The Side Dishes. . . .

The turkey is always the star of Thanksgiving. But, for me, I find the sides to be the most fun part about Thanksgiving. I love loading up my plate with a little bit of each side - taking a bite of each one after I've tasted the turkey. For our meal this year, we had sides inspired by four different "chefs": Me, Patrick, Gail, and my Mom. This will be one of my most memorable Thanksgiving meals - because of the sides. And, here's why. . . .

Patrick made his famous garlic/parmesan cheese potatoes. That's a requested dish by the kids. My Mom made Red Beans and Rice, a classic Haitian dish - my Mom makes it the best. And, I made these crunchy green beans, lightly sautéed with shallots and garlic, and also some collard greens (braised with smoked turkey legs, onions, and garlic). But, Gail took the prize for my favorite side dishes: Her delectable Baked Sweet Potatoes and homemade Cranberry-Orange relish. The sweet potatoes were one of the best sweet potatoes I've ever had. Gail also made this wonderful fresh sweet and tart cranberry relish, combined with zesty orange. Cranberry sauce has always been my least favorite side dish for Thanksgiving. But, this year, I actually had seconds. I absolutely loved it!

The Desserts . . . .

Some people may say that the best part of Thanksgiving is all the dessert and special treats that you get to enjoy for Thanksgiving. For our meal, Nadine and Gail made three delicious desserts: A decadent Cheesecake, a homemade Pumpkin Pie, and a warm Apple Cobbler.

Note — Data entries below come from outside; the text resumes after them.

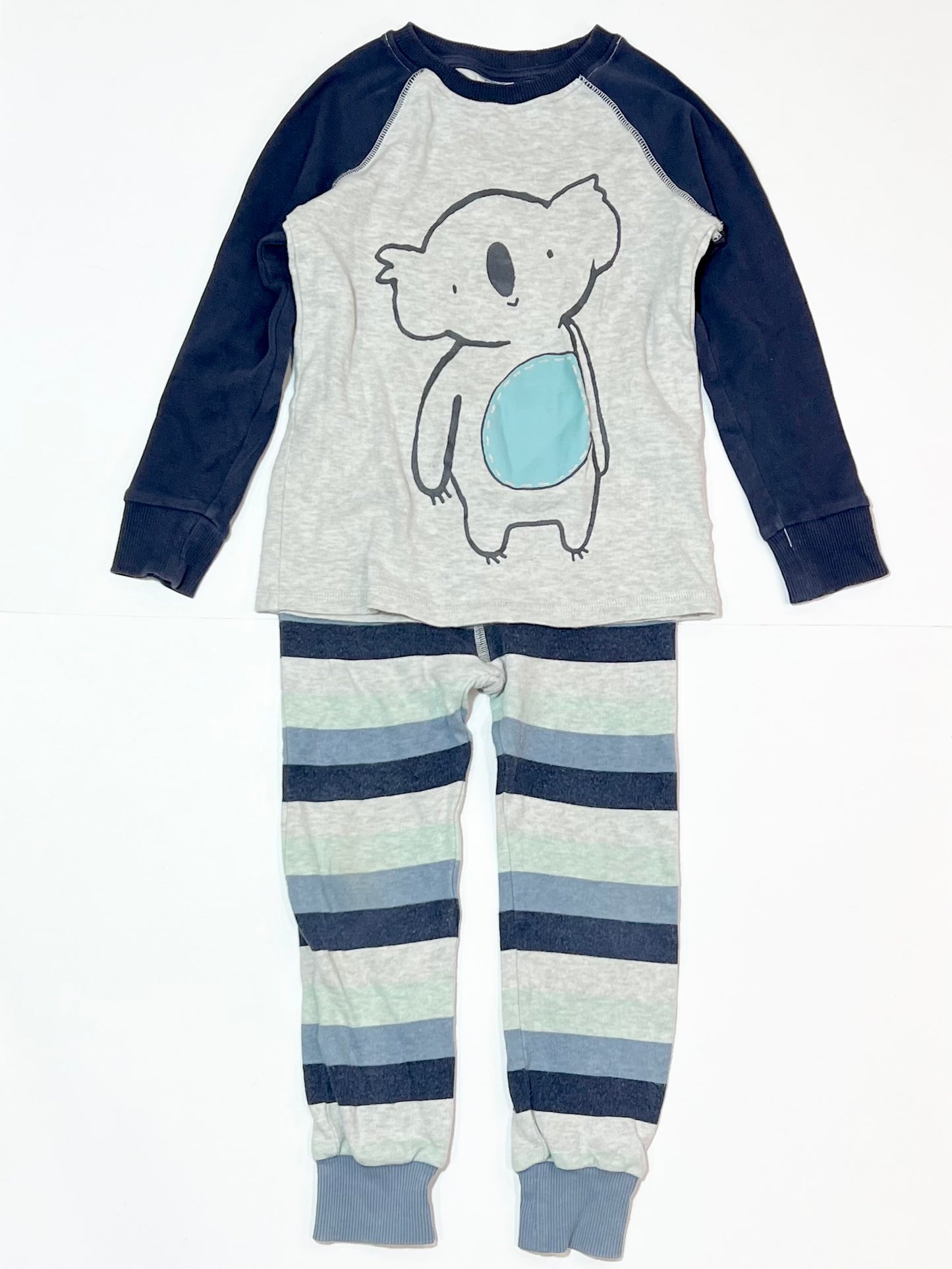 Navy koala pyjamas - Size 3-4
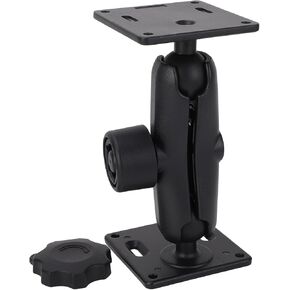 1.5 Inch Dual Ball Mount Base, Multi Angle Drill Base C Size Prevents Theft Fish Finder Mount for Tablets, Cell Phones, Fishfinders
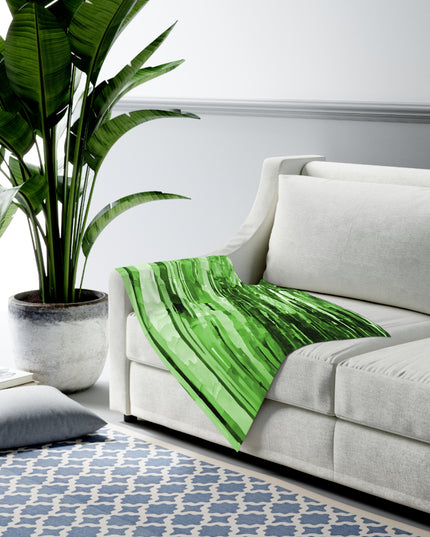 Striped Mint Pastel Baby Swaddle 30″×40″ Blanket
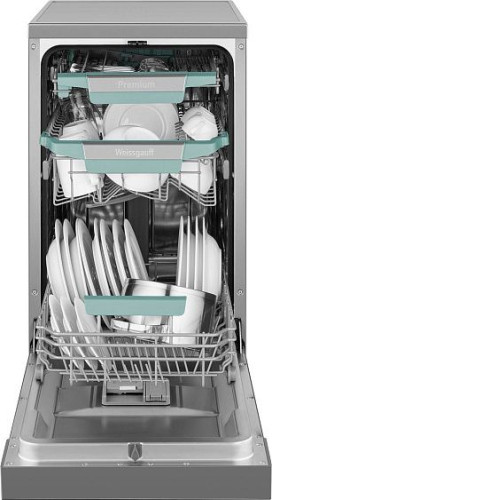 Посудомоечная машина WEISSGAUFF DW 4539 Inverter Touch AutoOpen Inox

We enjoyed all three of the desserts, which were a great combination. But, if you like apple pie - or apple cobbler - the Apple Cobbler was simply delicious. The dough was flaky and crispy, and beautiful in color - inviting you to dig in. When you take your first bite, the inside filling was warm, sweet, tangy, and just excellent. You couldn't help but go for a second, and a third bite.

The Wine. . . .

For me, no celebration is complete without a special bottle of wine. For this Thanksgiving, we had an amazing red wine blend (Cabernet Franc and Merlot) from the extraordinary winemaker and proprietor Daniel Daou (DAOU Winery, in Paso Robles, CA).  We visited the winery a couple of summers ago on our way back from Pismo Beach, based on a recommendation by a waiter at a restaurant in Paso Robles. First of all, the vineyards are breathtaking, and the winery is beautiful, warm and inviting. I met Daniel - the owner - during the visit. I learned that he had visited Haiti, and he actually spoke Creole (my native language). It was so awesome to talk to him in Creole, learn about his amazing journey to winemaking, and his passion for wine. I bought a Magnum bottle of one of his signature wines, the Seventeen-Forty.  This wine - paired with all the wonderful flavors of our Thanksgiving feast - was the icing on the icing on the cake! http://www.daouvineyards.com/

The Decorations. . . . .

Another thing I love about hosting holiday parties (like Thanksgiving and Christmas) are the decorations and the dinner settings. I love this part also because my daughter always participates in the decorations - especially doing the place cards.

I hope you and your family had a wonderful Thanksgiving. And, if you're on the road this year, here's wishing you a safe return home.

And, cheers to Nadine and Gail, and to my family!